I'll end up writing a review of each of these eventually, but I thought I'd just share the titles:

  • The Little Schemer, The Seasoned Schemer (both by by Daniel P. Friedman and Matthias Felleisen), and The Reasoned Schemer (by Daniel P. Friedman, William E. Byrd, and Oleg Kiselyov). I've been wanting to buy the "Schemer" books for quite some time: they're probably the strangest and best books on programming available. They're an introduction to software programming in Scheme (a Lisp dialect) written almost entirely as Socratic dialogues. I bought A Little Java, A Few Patterns by Felleisen and Friedman last year, which is an attempt to do something similar with Java. These books are brilliant. I can hardly wait to get going on them. We don't use Scheme at work, but the whole point of these books is not the learn a language, but to learn how to think about programming. That's definitely worth the investment of time and effort.
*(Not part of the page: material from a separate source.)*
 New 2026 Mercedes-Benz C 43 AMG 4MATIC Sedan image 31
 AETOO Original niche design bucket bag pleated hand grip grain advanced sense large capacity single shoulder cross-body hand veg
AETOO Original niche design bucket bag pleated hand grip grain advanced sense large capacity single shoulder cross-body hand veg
  • Programming Erlang: Software for a Concurrent World by Joe Armstrong. Erlang is not a new language, but has been getting press and buzz in the last couple years. It's all about massive concurrency and distributed systems: it was developed by Ericsson to program telecom switches. I don't use Erlang in day-to-day work, but I wanted to get into some of the Erlang philosophy on concurrency, so I bought the book. Interestingly, Erlang seems to force you into doing what you're supposed to do in concurrent Java. I'm not expert on Java concurrency, but I'm above-average, concurrency being an interest of mine. Maybe I'll figure out a way to start using Erlang at work, but even if I can't, getting a glimpse at how Erlang does it is really helping me see how I ought to use Java in the context of concurrency.

  • Higher-Order Perl: Transforming Programs with Programs by Mark Jason Dominus. Wow. My Perl is good (even "very good" or "fluent"), but this is a whole new level. Admittedly, I've figured out a lot of his tricks on my own, but this is an incredible book describing how to use functional programming techniques in Perl. It's almost like "How to use Perl like it's Lisp." This is an amazing book. I've been wanting to buy this for several months, and it was worth the wait. I do use Perl day-to-day, and my Perl is really very good. But this book will really help me ratchet up the level of my daily Perl grind.

  • Expert Spring MVC and Web Flow by Seth Ladd, Darren Davison, Steven Devijver, and Colin Yates. I use Spring daily, and we've been slipping some Spring MVC in here and there at work. This book is supposedly the best on the subject, and I've been wanting to pick it up.

  • Refactoring: Improving the Design of Existing Code by Martin Fowler, Kent Beck, John Brant, William Opdyke, and Don Roberts. I end up with a lot of refactoring assignments at work, I finally decided to buy the definitive book on the subject. This is one I intend to read cover-to-cover.

So I have a lot of fun reading to do.

By the way, if you like books and you haven't tried it, you might want to check out LibraryThing. It's a great online application to track and maintain a virtual catalogue of all your books. I love it.